[Image-caption web data]
###

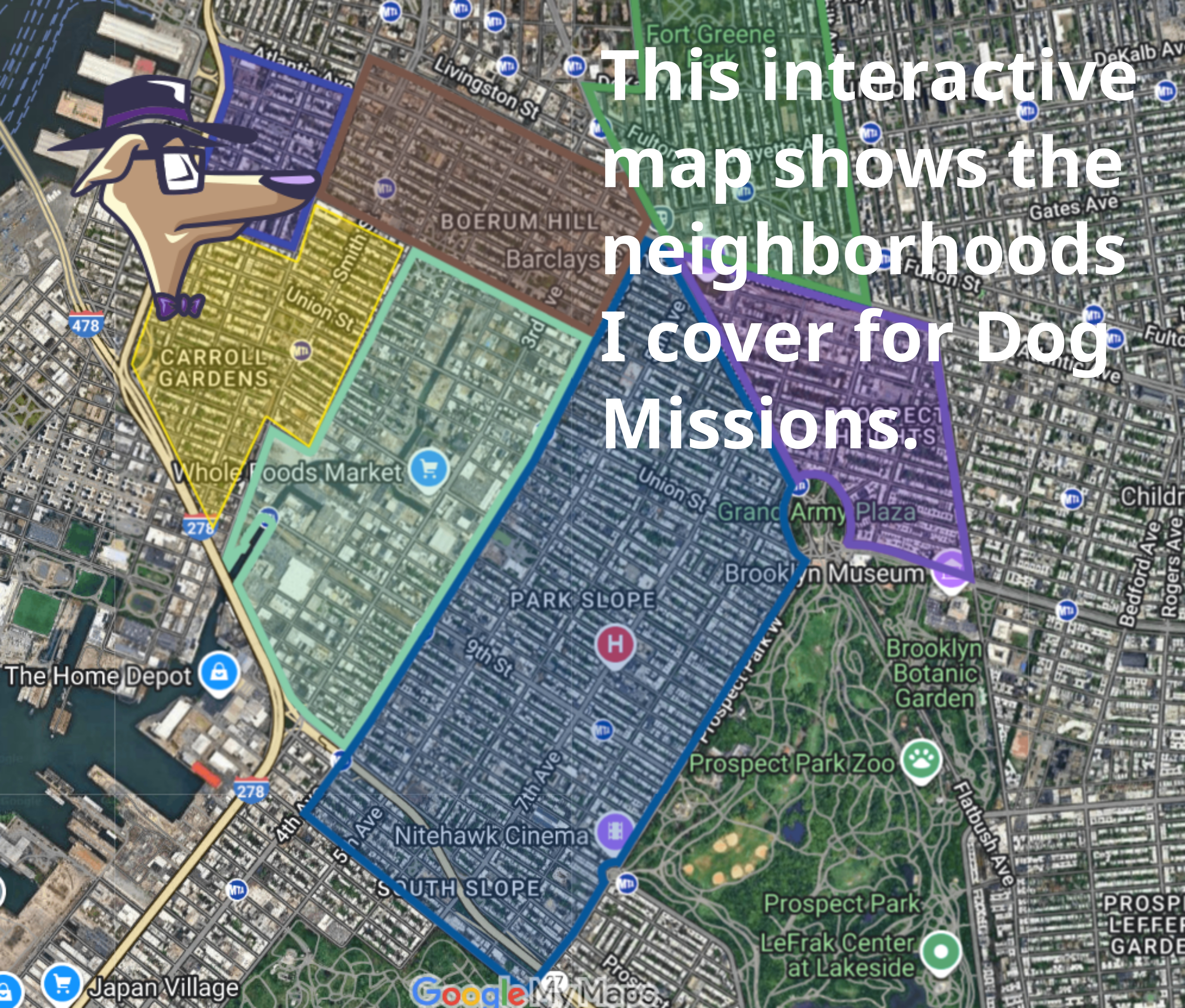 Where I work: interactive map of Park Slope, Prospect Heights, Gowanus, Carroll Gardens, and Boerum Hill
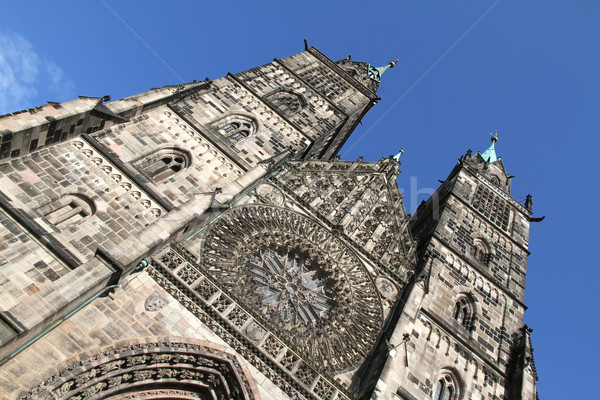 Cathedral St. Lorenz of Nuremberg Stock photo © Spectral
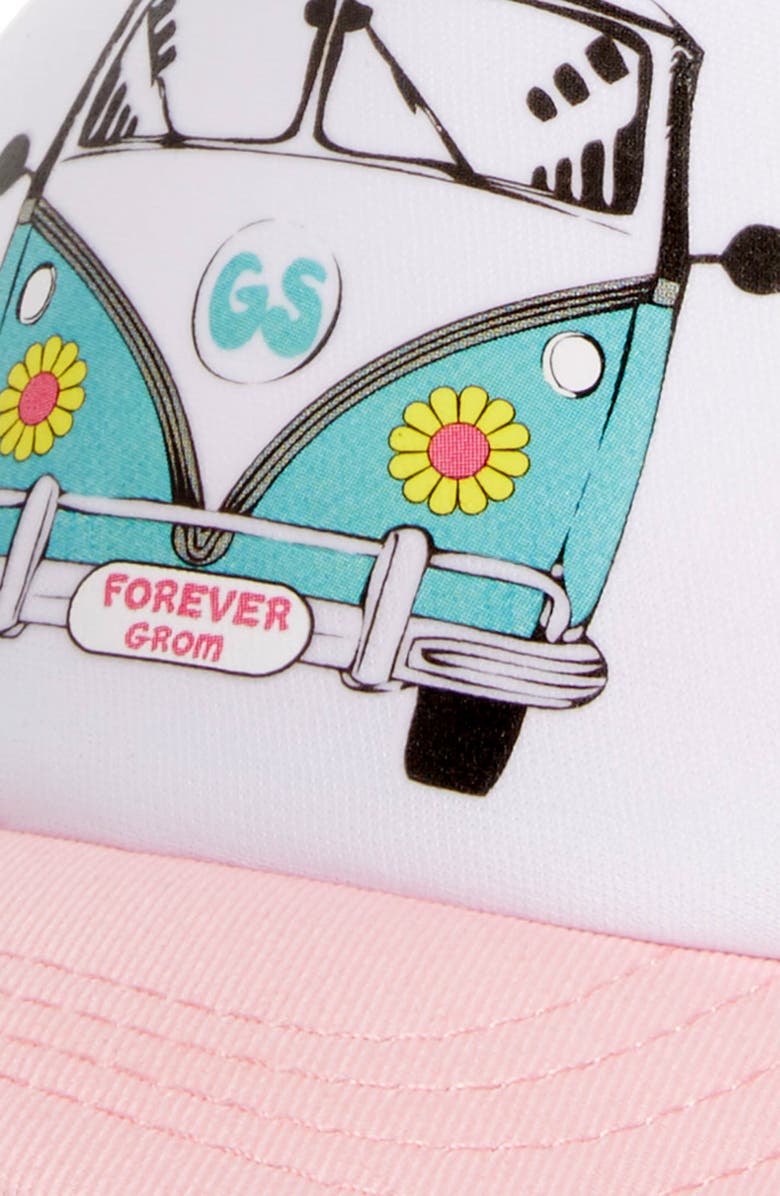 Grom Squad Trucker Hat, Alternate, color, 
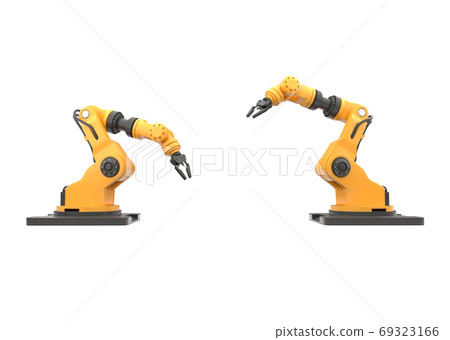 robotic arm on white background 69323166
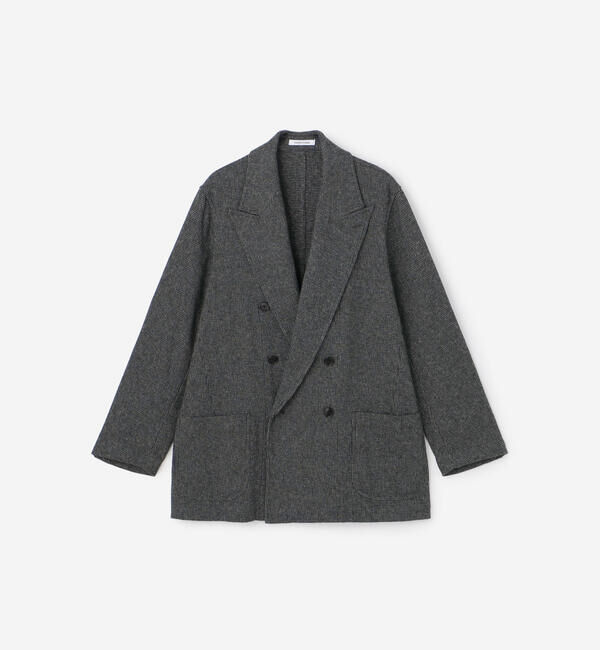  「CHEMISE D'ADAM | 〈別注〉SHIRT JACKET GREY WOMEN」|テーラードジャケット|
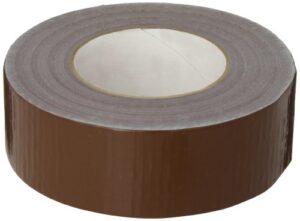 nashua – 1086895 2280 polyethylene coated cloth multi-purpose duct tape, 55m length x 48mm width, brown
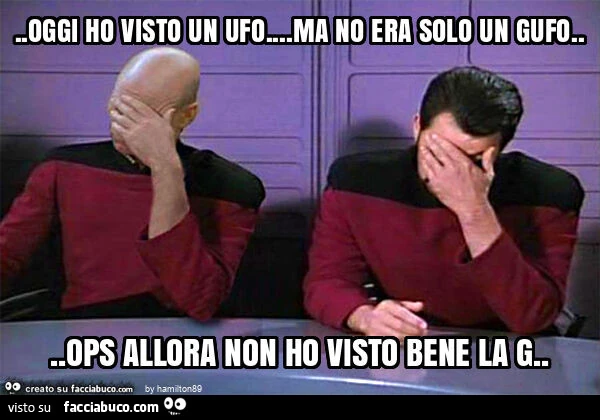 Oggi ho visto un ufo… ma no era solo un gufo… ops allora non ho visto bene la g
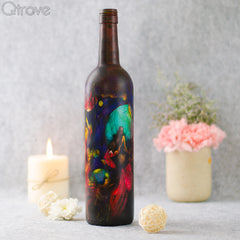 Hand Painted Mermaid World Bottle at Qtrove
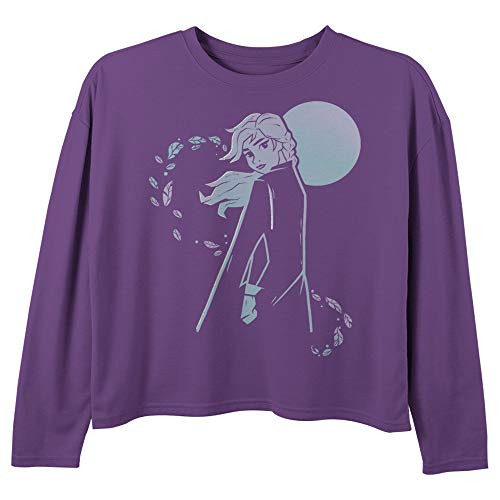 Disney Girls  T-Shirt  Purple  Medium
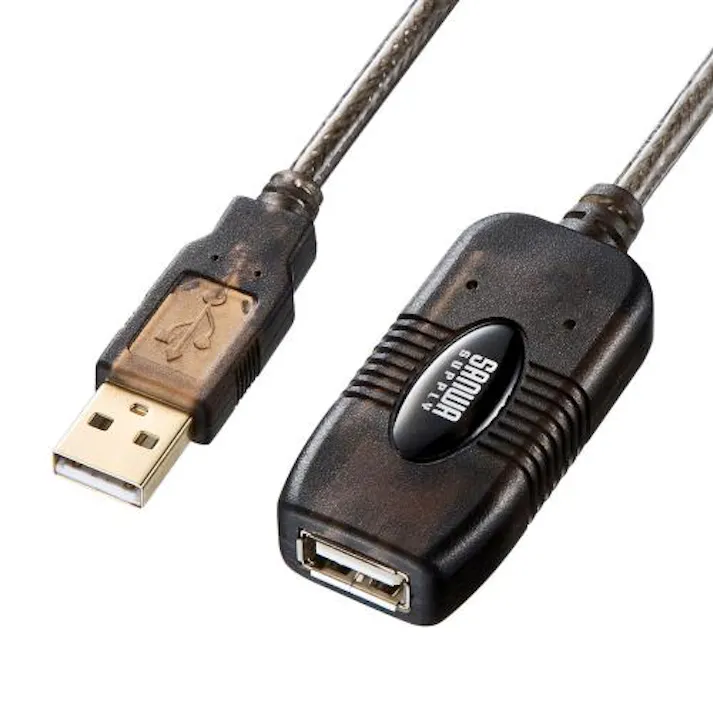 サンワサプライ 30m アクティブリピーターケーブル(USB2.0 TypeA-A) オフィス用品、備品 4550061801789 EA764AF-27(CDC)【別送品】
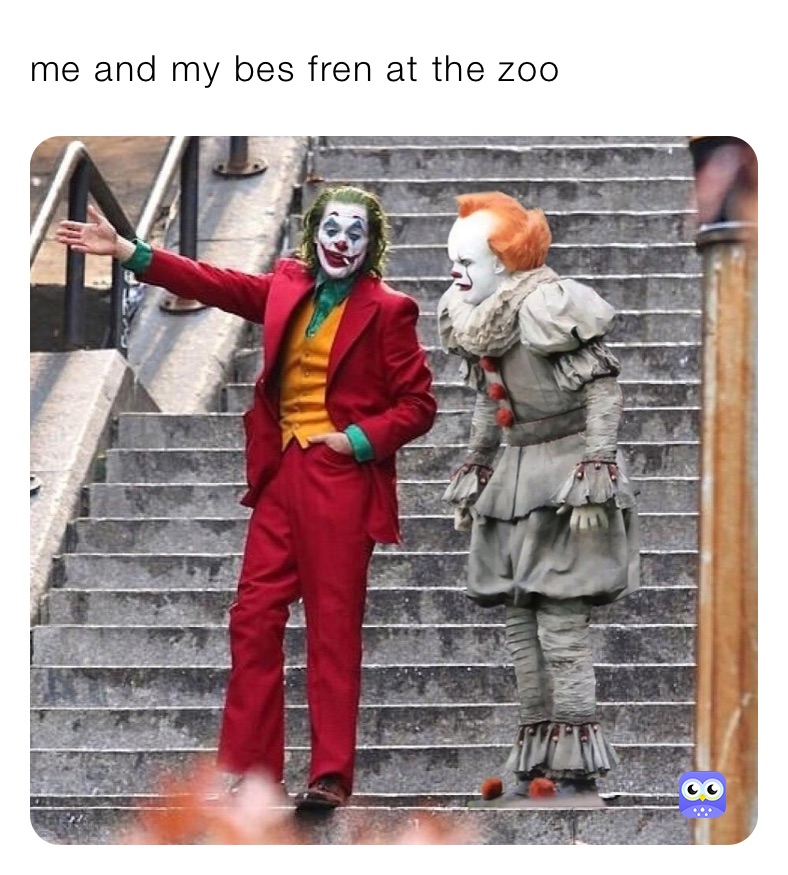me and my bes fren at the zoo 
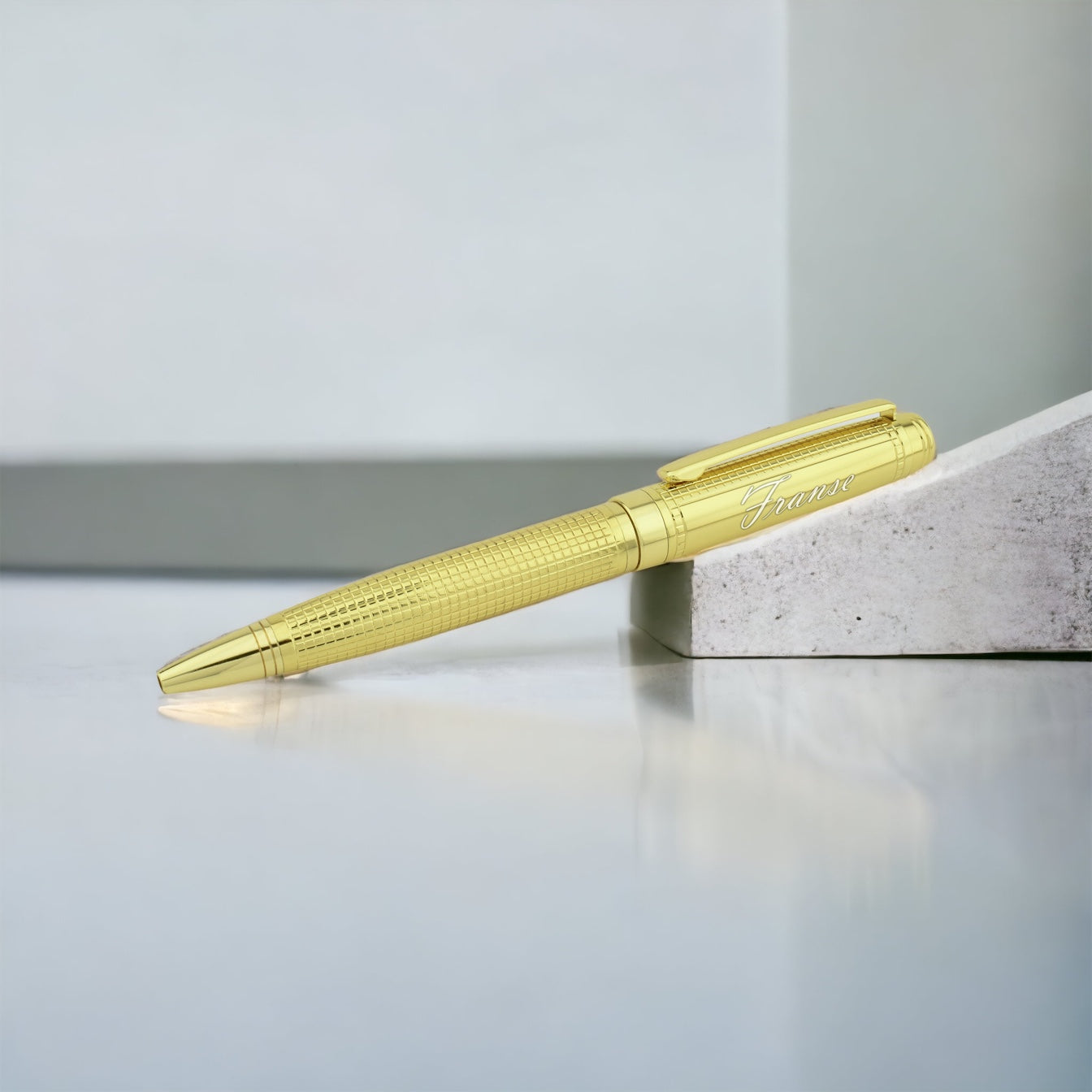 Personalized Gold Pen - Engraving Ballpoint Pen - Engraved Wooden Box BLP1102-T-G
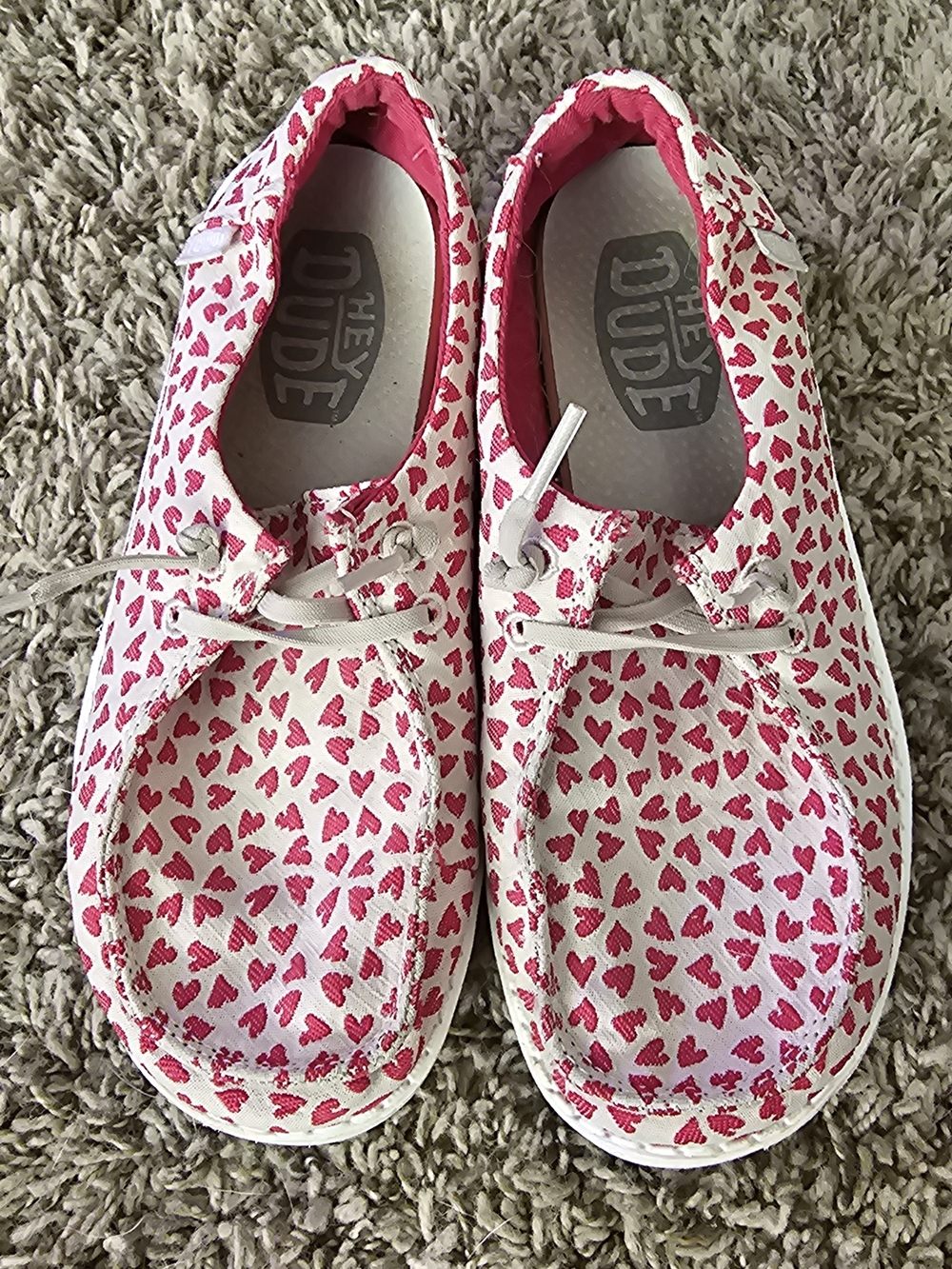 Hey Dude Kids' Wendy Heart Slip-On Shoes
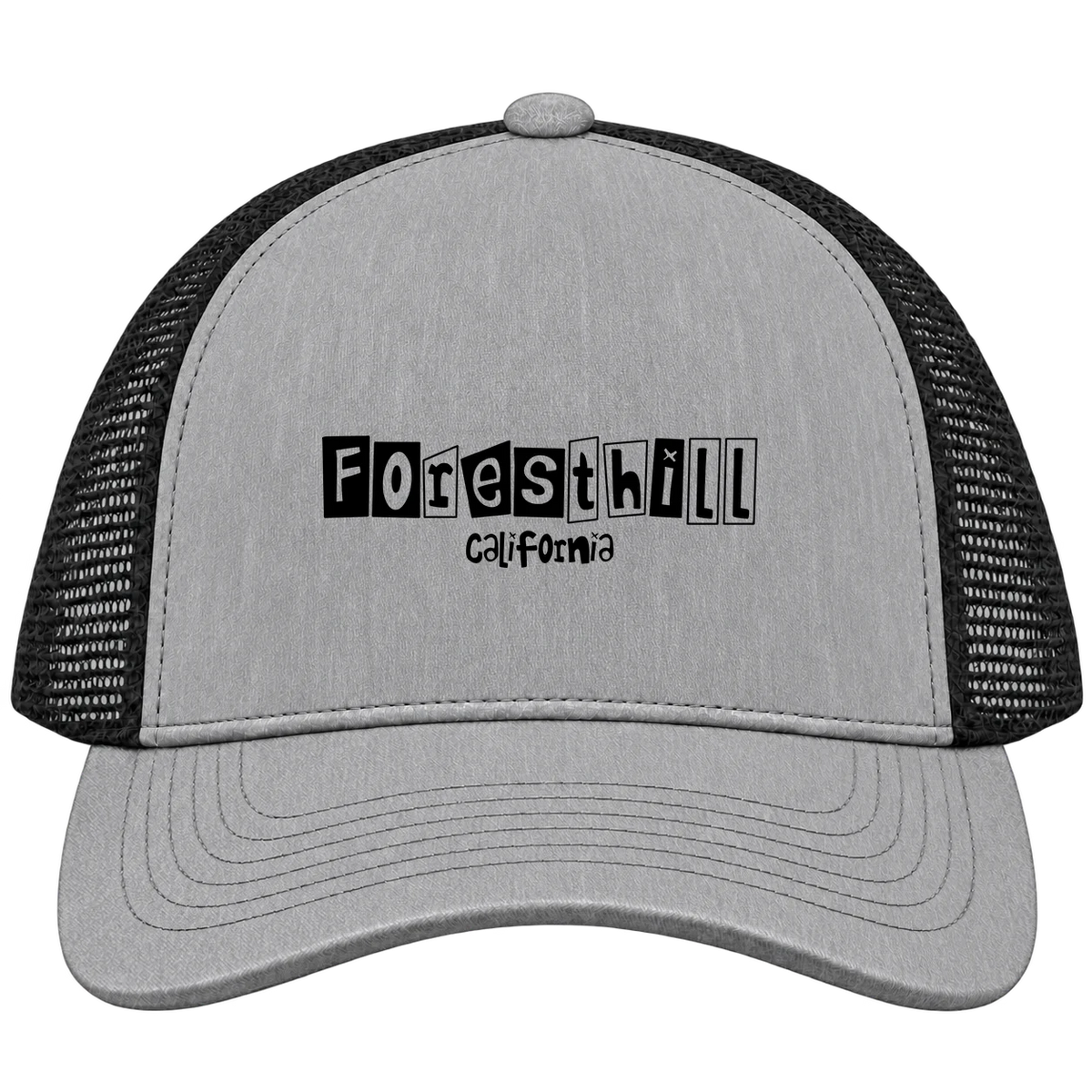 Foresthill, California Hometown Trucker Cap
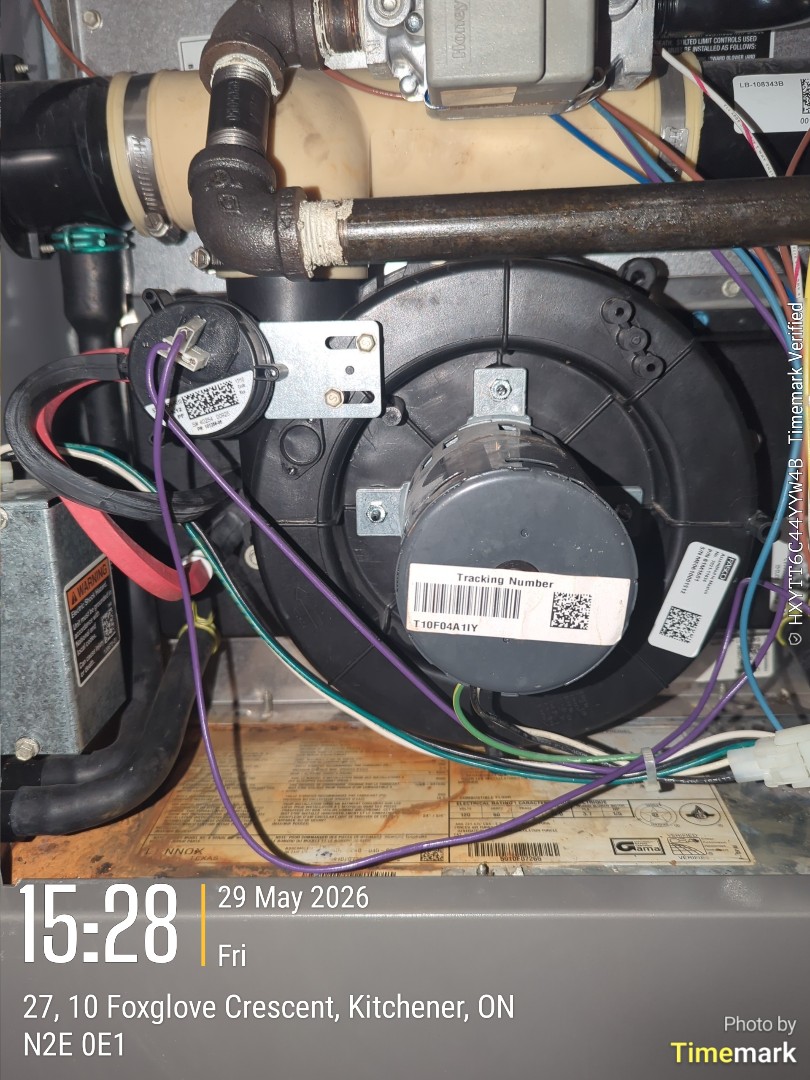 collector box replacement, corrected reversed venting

###

(EXERCISE GOAL)
I need the lines from the one holding "Grom Squad Trucker" through the last line of the entries set down exactly, with every picture left out.

(ANSWER SPACE)
 Grom Squad Trucker Hat, Alternate, color, 
 robotic arm on white background 69323166
  「CHEMISE D'ADAM | 〈別注〉SHIRT JACKET GREY WOMEN」|テーラードジャケット|
 nashua – 1086895 2280 polyethylene coated cloth multi-purpose duct tape, 55m length x 48mm width, brown
 Oggi ho visto un ufo… ma no era solo un gufo… ops allora non ho visto bene la g
 Hand Painted Mermaid World Bottle at Qtrove
 Disney Girls  T-Shirt  Purple  Medium
 サンワサプライ 30m アクティブリピーターケーブル(USB2.0 TypeA-A) オフィス用品、備品 4550061801789 EA764AF-27(CDC)【別送品】
me and my bes fren at the zoo 
 Personalized Gold Pen - Engraving Ballpoint Pen - Engraved Wooden Box BLP1102-T-G
 Hey Dude Kids' Wendy Heart Slip-On Shoes
 Foresthill, California Hometown Trucker Cap
 collector box replacement, corrected reversed venting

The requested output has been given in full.